The records:
- Opening Delimiter -

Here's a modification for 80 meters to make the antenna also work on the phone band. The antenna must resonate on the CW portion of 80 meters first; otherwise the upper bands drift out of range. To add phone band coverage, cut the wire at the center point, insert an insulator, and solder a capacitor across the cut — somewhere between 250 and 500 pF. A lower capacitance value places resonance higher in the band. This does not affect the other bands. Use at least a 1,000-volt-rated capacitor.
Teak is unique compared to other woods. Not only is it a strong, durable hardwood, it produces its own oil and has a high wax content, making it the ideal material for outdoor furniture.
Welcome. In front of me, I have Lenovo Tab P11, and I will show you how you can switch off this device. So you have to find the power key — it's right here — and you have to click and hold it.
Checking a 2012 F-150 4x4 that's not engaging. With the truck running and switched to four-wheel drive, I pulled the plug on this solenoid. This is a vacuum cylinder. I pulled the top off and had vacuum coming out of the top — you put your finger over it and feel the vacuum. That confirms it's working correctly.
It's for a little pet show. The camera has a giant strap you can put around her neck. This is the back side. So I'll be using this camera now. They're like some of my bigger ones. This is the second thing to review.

- Closing Delimiter -
- Opening Delimiter -

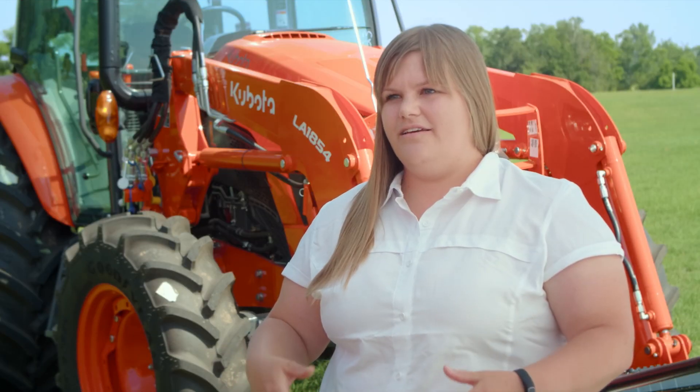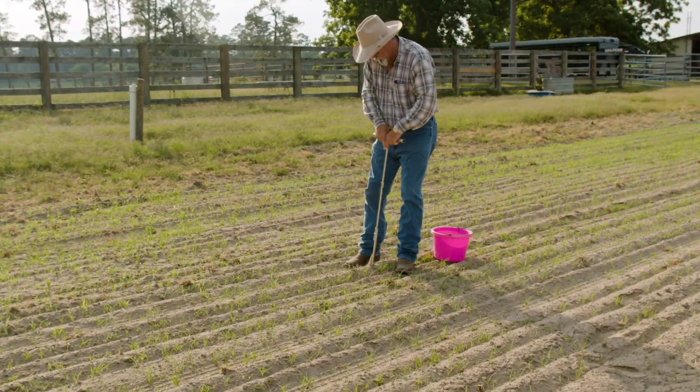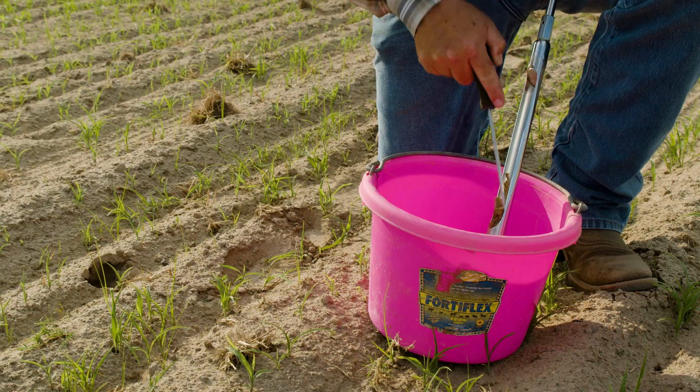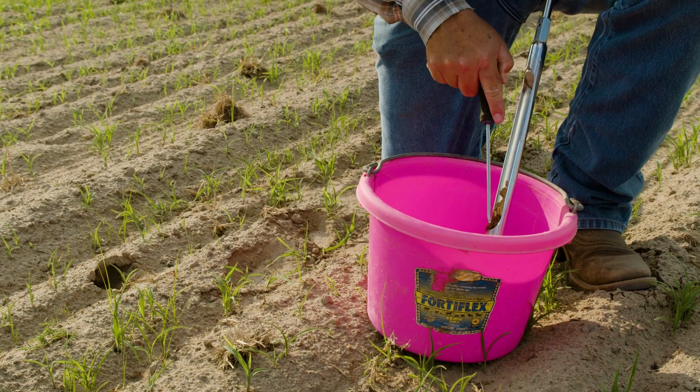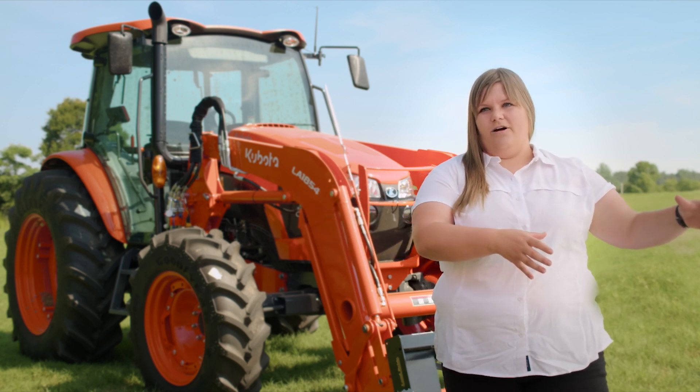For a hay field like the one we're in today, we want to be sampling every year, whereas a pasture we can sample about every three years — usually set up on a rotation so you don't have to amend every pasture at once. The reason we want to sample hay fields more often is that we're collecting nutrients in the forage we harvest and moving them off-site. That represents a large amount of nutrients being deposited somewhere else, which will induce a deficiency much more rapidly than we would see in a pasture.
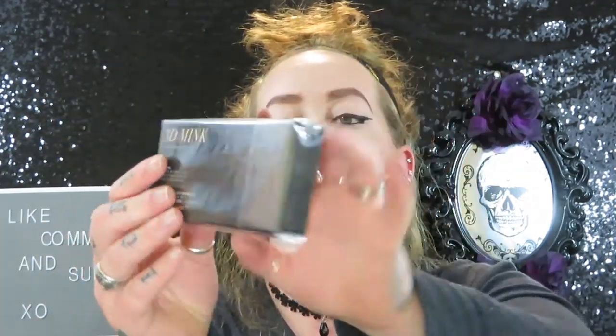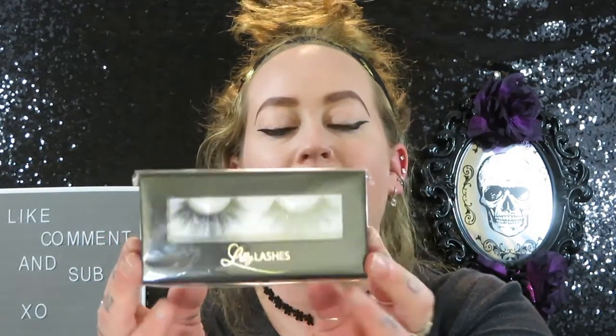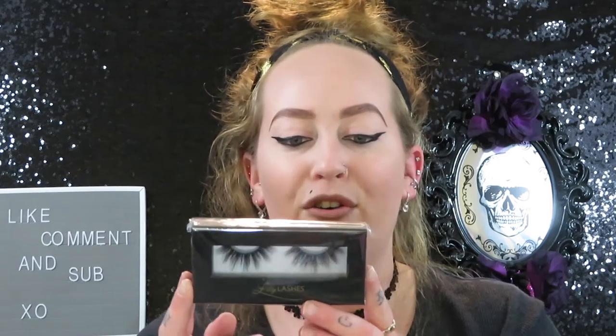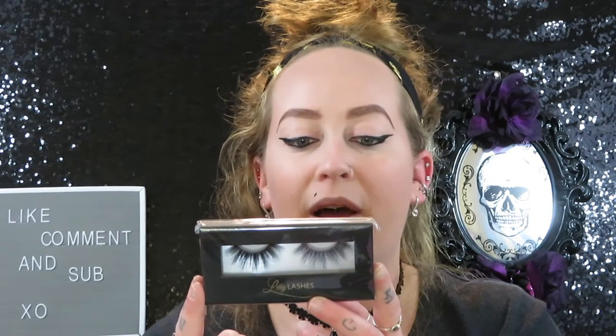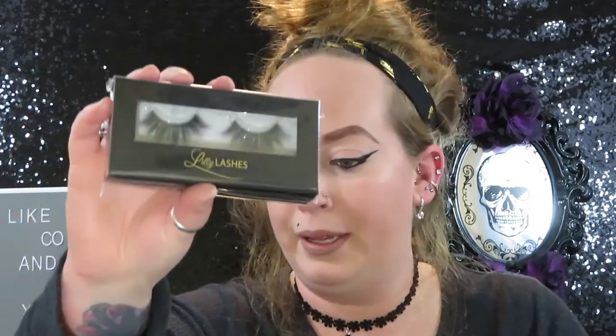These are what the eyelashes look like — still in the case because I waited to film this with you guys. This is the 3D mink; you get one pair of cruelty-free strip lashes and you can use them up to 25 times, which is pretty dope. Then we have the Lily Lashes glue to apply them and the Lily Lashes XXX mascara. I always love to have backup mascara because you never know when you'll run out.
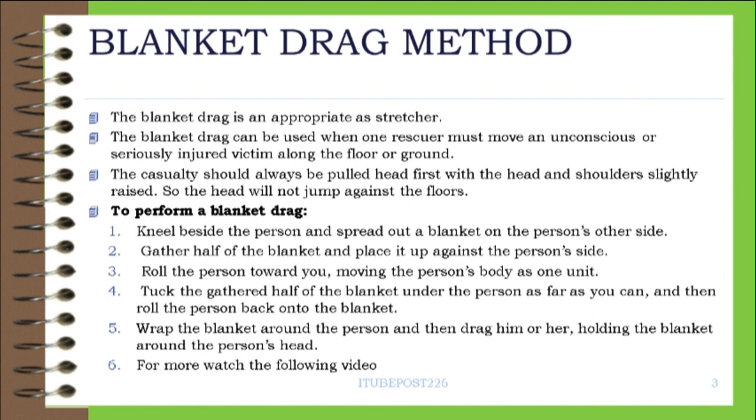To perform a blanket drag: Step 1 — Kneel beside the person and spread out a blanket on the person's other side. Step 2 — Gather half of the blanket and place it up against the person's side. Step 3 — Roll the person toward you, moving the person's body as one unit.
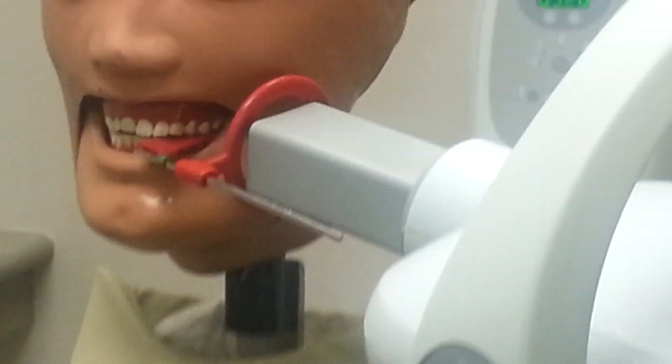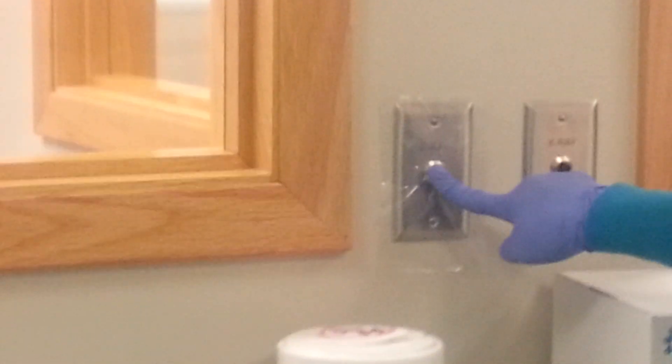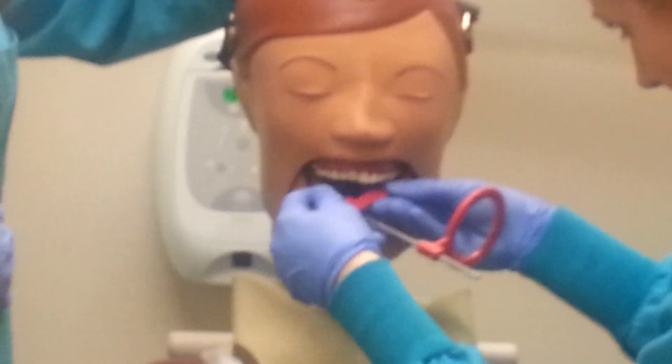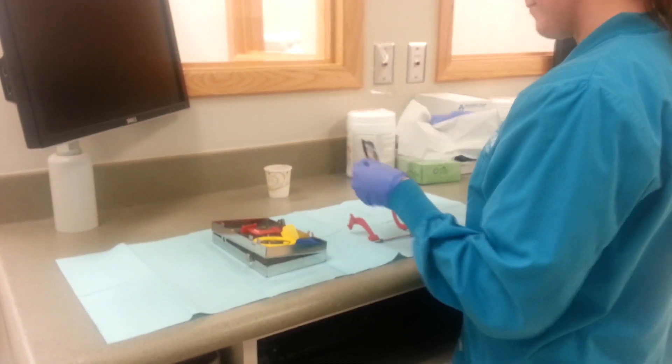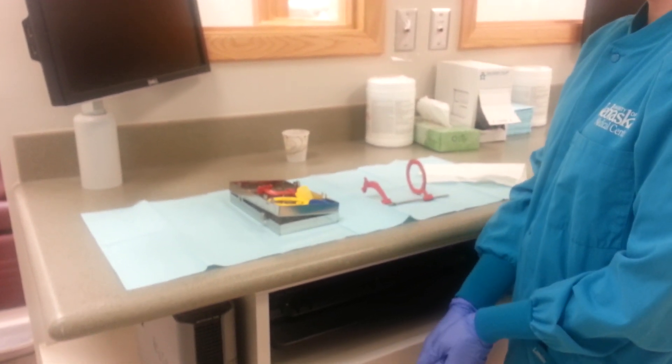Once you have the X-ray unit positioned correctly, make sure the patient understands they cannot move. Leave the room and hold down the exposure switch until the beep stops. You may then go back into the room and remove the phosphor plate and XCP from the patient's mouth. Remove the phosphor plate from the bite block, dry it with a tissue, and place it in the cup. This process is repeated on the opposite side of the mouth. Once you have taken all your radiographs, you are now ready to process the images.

- Closing Delimiter -
- Opening Delimiter -

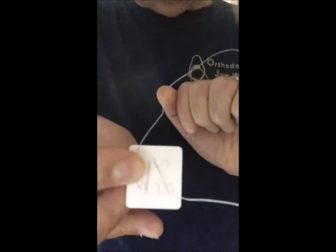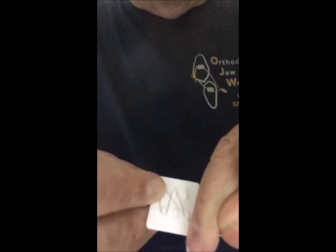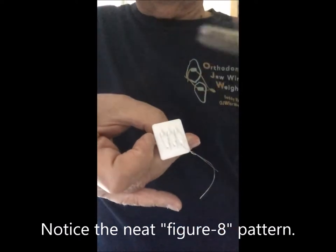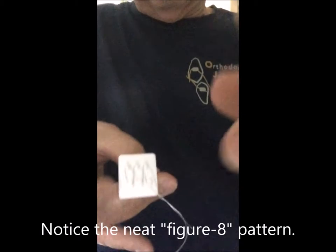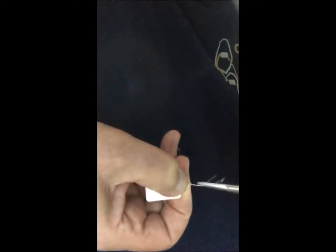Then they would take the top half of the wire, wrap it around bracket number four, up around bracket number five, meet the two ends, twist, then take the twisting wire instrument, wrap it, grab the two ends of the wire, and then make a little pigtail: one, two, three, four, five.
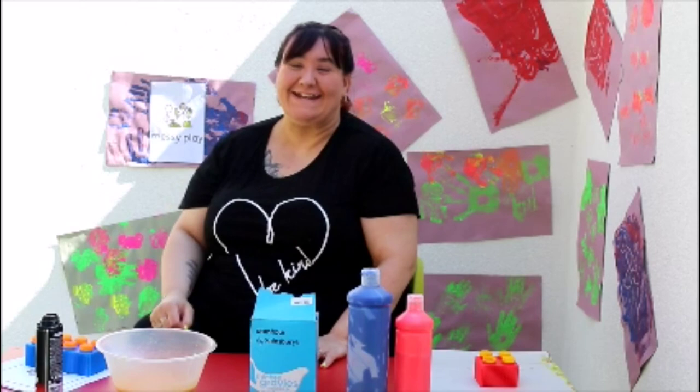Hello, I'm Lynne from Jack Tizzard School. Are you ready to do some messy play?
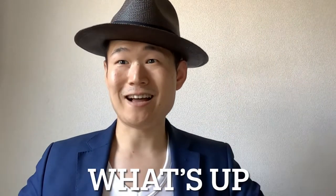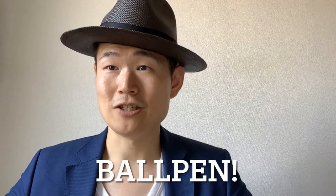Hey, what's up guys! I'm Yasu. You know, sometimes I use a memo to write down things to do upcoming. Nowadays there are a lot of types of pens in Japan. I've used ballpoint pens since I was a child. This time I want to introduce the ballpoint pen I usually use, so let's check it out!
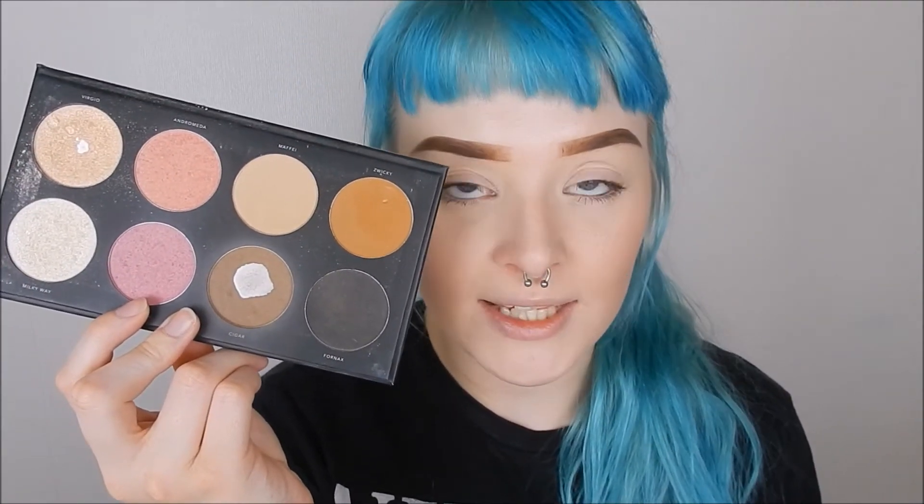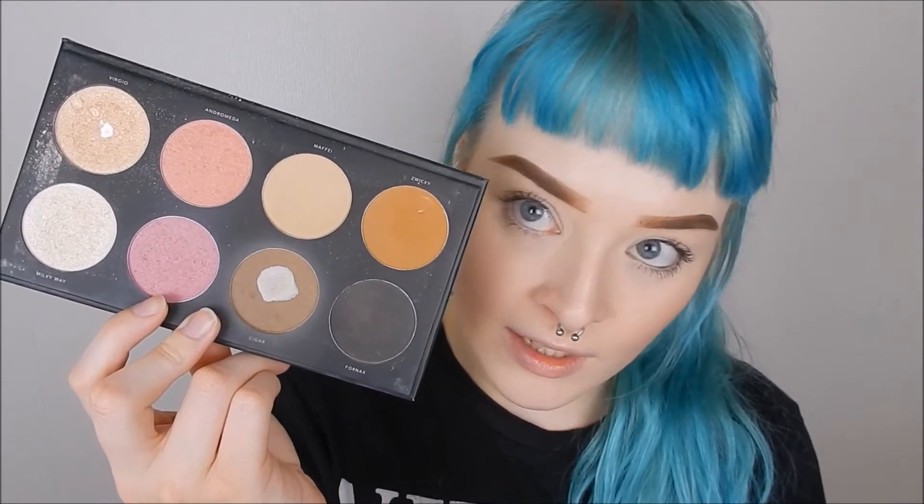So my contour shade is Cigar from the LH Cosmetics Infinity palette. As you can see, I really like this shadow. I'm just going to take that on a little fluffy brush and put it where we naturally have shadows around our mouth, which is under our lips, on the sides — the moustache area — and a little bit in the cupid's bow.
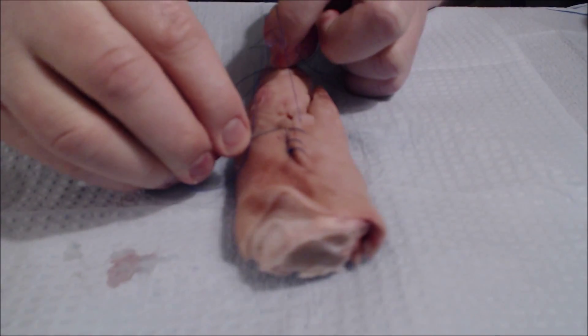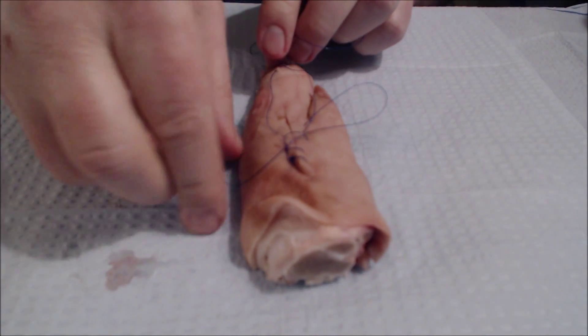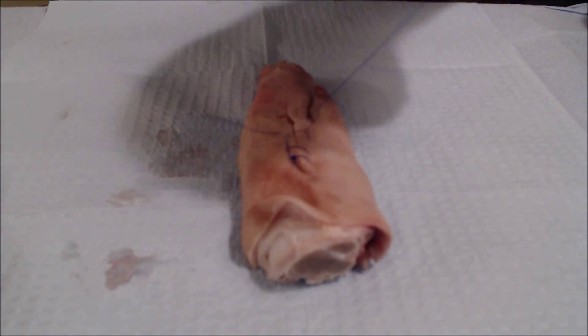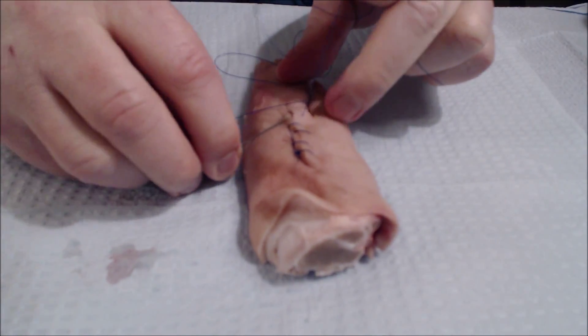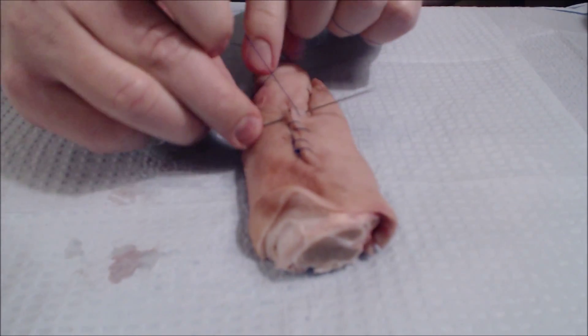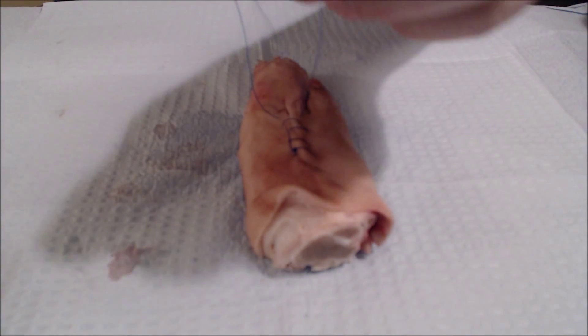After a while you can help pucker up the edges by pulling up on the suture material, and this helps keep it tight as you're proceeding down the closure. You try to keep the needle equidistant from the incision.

- Closing Delimiter -

What to produce:
Scan the records above for the lines holding "Here's a modification" and "Teak is unique". Transcribe those two and every line between them word for word, and no others.

Your solution:
Here's a modification for 80 meters to make the antenna also work on the phone band. The antenna must resonate on the CW portion of 80 meters first; otherwise the upper bands drift out of range. To add phone band coverage, cut the wire at the center point, insert an insulator, and solder a capacitor across the cut — somewhere between 250 and 500 pF. A lower capacitance value places resonance higher in the band. This does not affect the other bands. Use at least a 1,000-volt-rated capacitor.
Teak is unique compared to other woods. Not only is it a strong, durable hardwood, it produces its own oil and has a high wax content, making it the ideal material for outdoor furniture.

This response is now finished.